Ratchet & Clank Future: A Crack in Time

Eu gosto muito da série Ratchet & Clank e quando o A Crack in Time foi lançado, fiquei feliz por ver que a Insomniac Games tinha conseguido manter todas as melhores qualidades da franquia. Do humor na dose certa aos cenários coloridos e as armas e equipamentos malucos, a sensação de estarmos em uma boa animação da Pixar parecia nunca ter sido tão forte.

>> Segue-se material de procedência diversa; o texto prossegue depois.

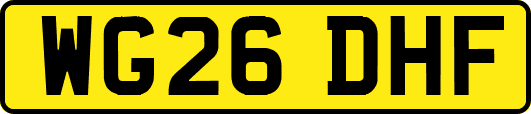 WG26DHF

Ainda hoje o jogo é apontado como o ápice da franquia por algumas pessoas, com muitos dos seus quebra-cabeças e armas estando entre os melhores já criados pela desenvolvedora.

Heavy Rain

Eu sei que muitas pessoas odeiam o estilo de jogos criados por David Cage, já que eles parecem mais filmes interativos do que games, mas a verdade é que o impacto que o Heavy Rain teve em mim (e em várias pessoas) foi imenso. Com um enredo interessante, gráficos muito acima da média, uma trilha sonora excelente e uma altíssima carga dramática, até então era raro vermos um título entregar uma experiência cinematográfica tão boa quanto ele.

Ao nos colocar para descobrir quem era o serial killer conhecido como Origami Killer, era fácil imergirmos naquele universo e mesmo sem ainda ter sido pai na época em que o joguei, não consegui deixar de ficar extremamente tenso (e até apavorado) com a cena do shopping.